# Exercise brief
Each line from the one containing "Thank you for" to the end of the entries below is to be set down exactly; the pictures are not.
Segment Start: Given records
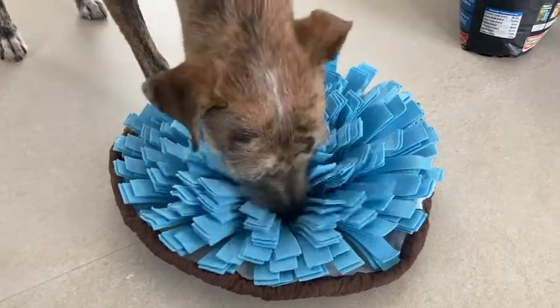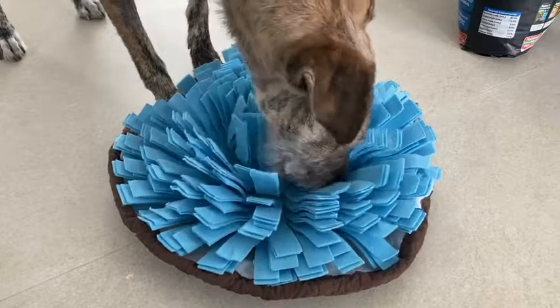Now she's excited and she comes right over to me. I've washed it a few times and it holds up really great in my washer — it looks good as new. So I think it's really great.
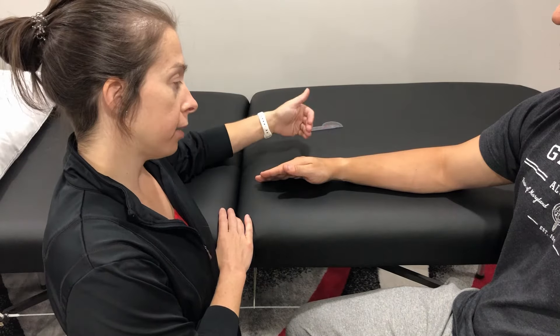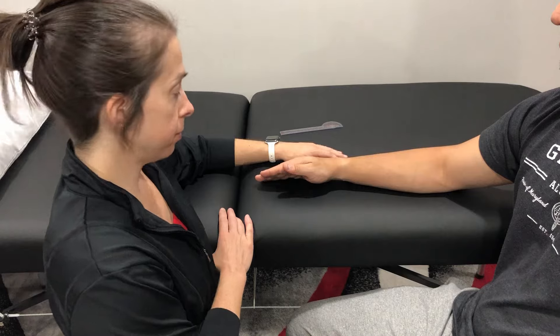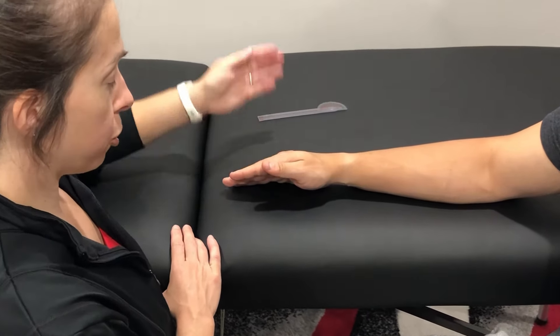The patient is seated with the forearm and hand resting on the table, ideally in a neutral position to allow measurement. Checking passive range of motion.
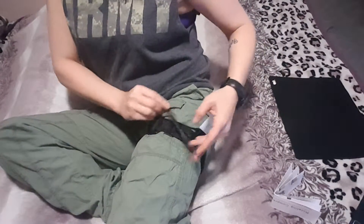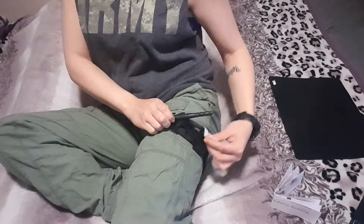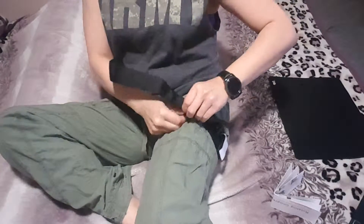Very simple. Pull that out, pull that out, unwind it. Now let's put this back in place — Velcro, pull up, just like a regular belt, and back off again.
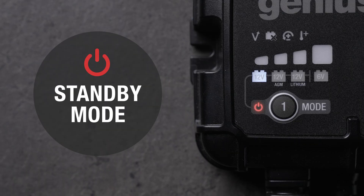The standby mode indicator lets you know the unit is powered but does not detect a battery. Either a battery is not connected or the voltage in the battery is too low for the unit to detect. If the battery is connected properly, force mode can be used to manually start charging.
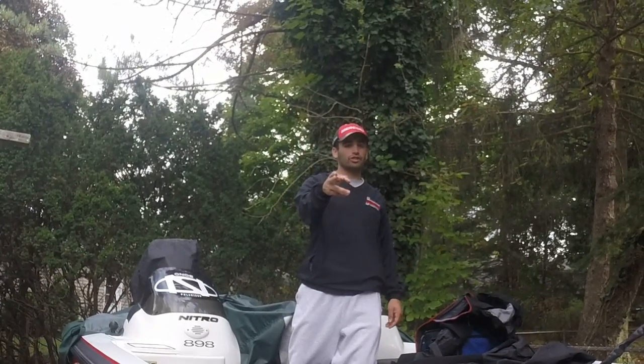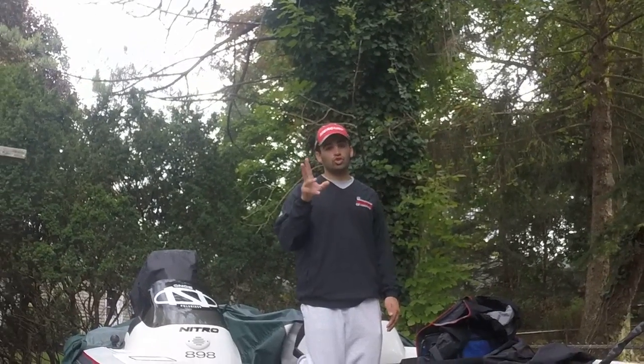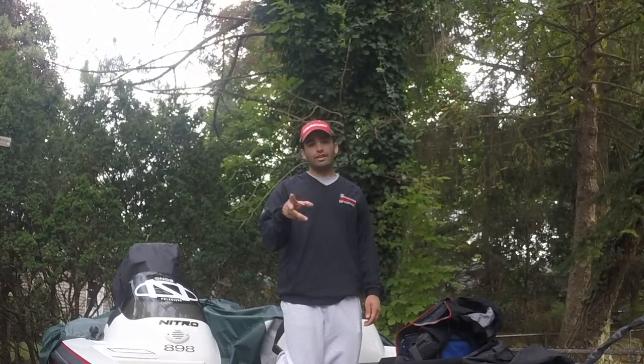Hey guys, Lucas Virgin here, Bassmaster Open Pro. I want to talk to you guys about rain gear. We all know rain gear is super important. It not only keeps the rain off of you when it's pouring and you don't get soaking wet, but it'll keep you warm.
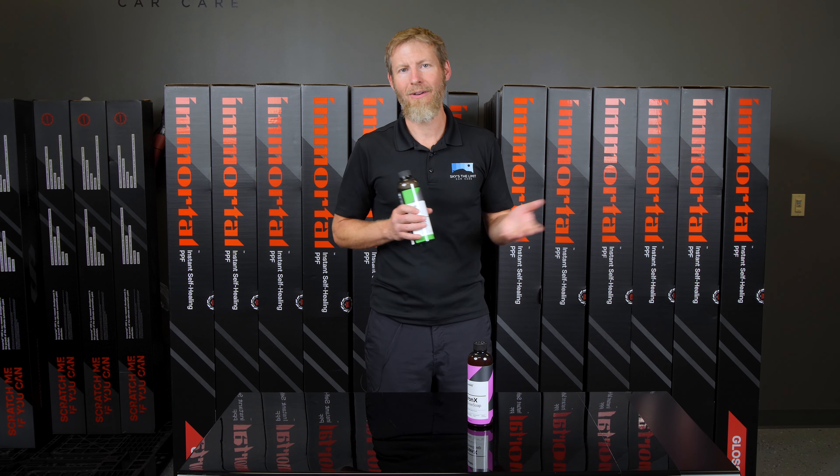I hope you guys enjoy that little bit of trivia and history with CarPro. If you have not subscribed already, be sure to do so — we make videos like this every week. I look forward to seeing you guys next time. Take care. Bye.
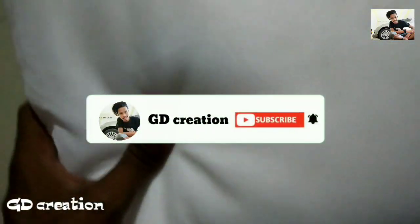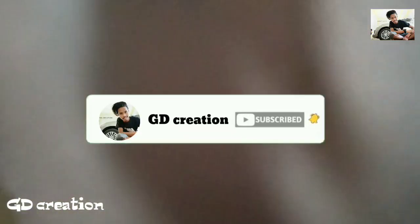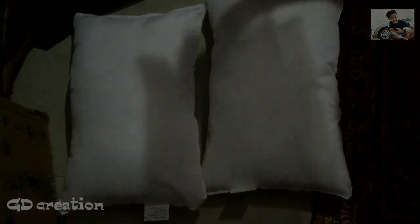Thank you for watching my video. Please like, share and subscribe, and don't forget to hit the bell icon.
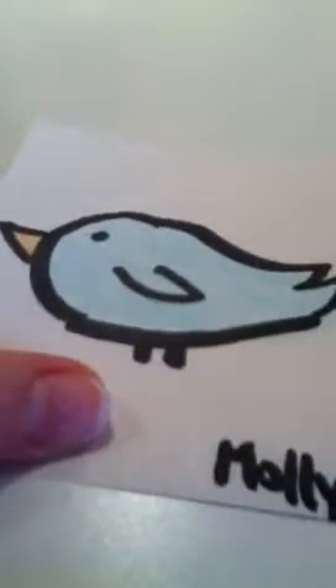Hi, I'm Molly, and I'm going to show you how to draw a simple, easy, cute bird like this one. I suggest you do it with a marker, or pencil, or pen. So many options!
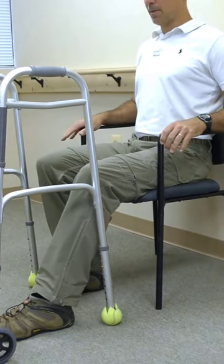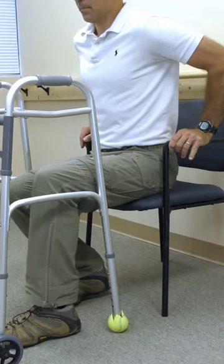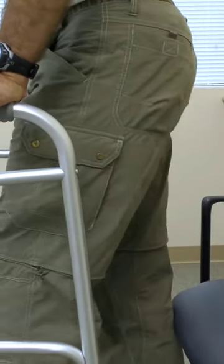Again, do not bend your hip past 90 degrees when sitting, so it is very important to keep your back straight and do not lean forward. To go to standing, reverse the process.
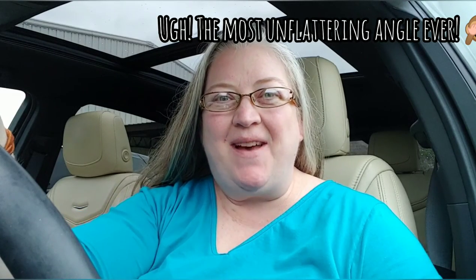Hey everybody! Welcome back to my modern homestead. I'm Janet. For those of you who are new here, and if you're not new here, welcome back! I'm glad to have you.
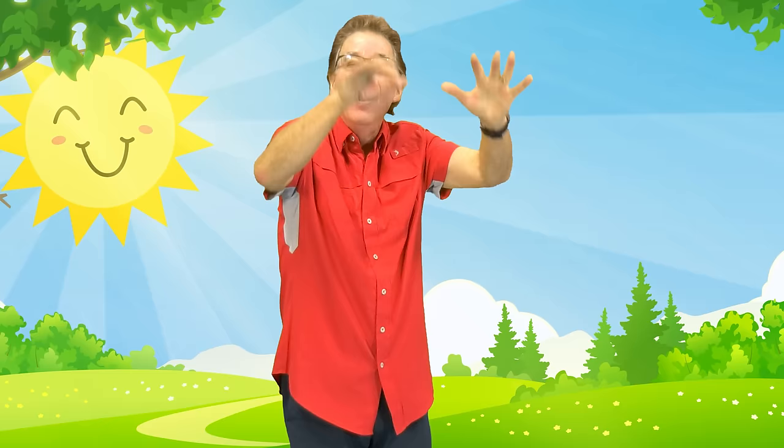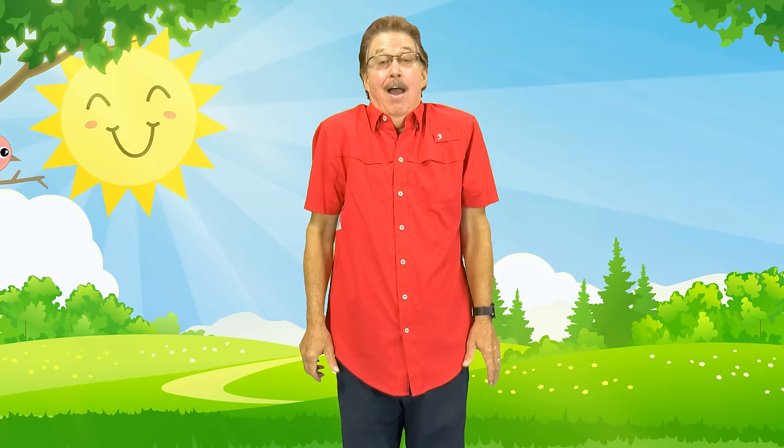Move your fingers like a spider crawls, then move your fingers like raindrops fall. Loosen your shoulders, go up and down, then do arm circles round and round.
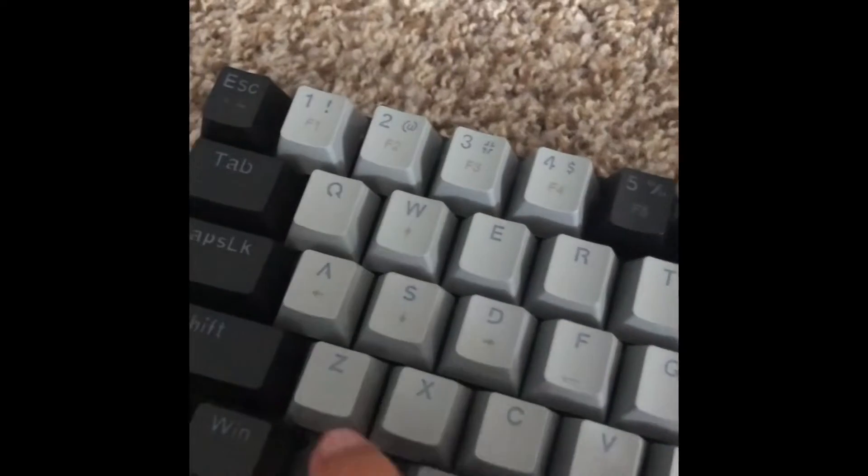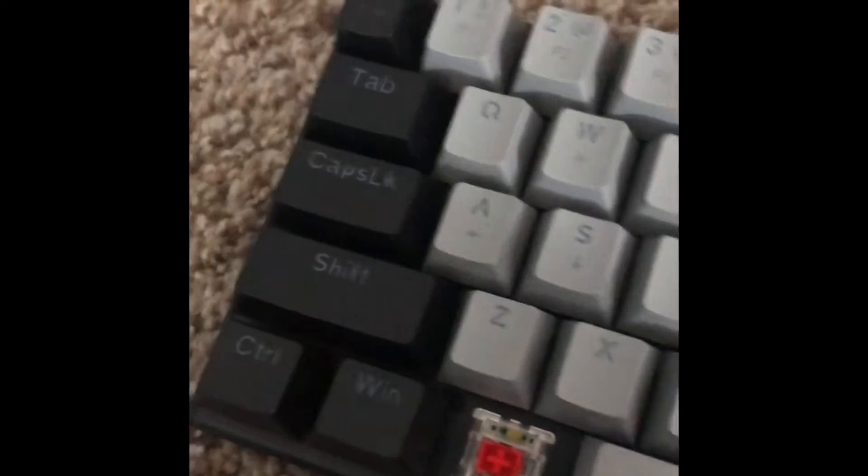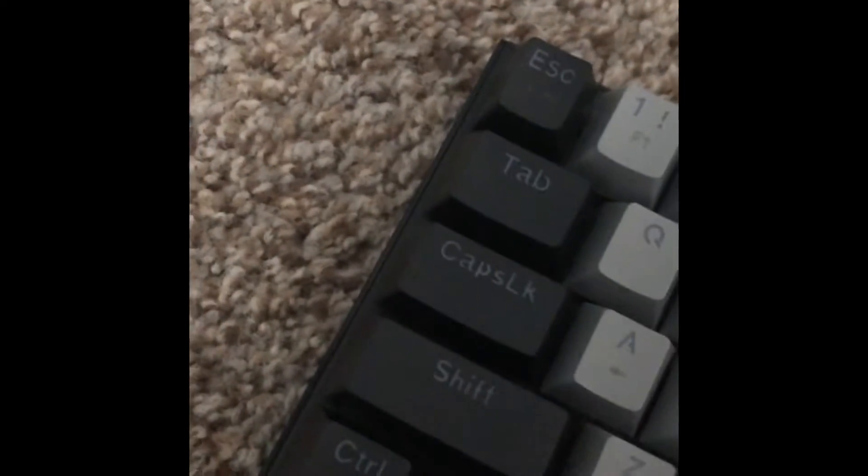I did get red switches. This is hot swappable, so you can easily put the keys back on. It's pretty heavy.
Segment End: Given records
# Task response
Thank you for watching my video. Please like, share and subscribe, and don't forget to hit the bell icon.
Hi, I'm Molly, and I'm going to show you how to draw a simple, easy, cute bird like this one. I suggest you do it with a marker, or pencil, or pen. So many options!
Again, do not bend your hip past 90 degrees when sitting, so it is very important to keep your back straight and do not lean forward. To go to standing, reverse the process.
Hey everybody! Welcome back to my modern homestead. I'm Janet. For those of you who are new here, and if you're not new here, welcome back! I'm glad to have you.
Move your fingers like a spider crawls, then move your fingers like raindrops fall. Loosen your shoulders, go up and down, then do arm circles round and round.
I did get red switches. This is hot swappable, so you can easily put the keys back on. It's pretty heavy.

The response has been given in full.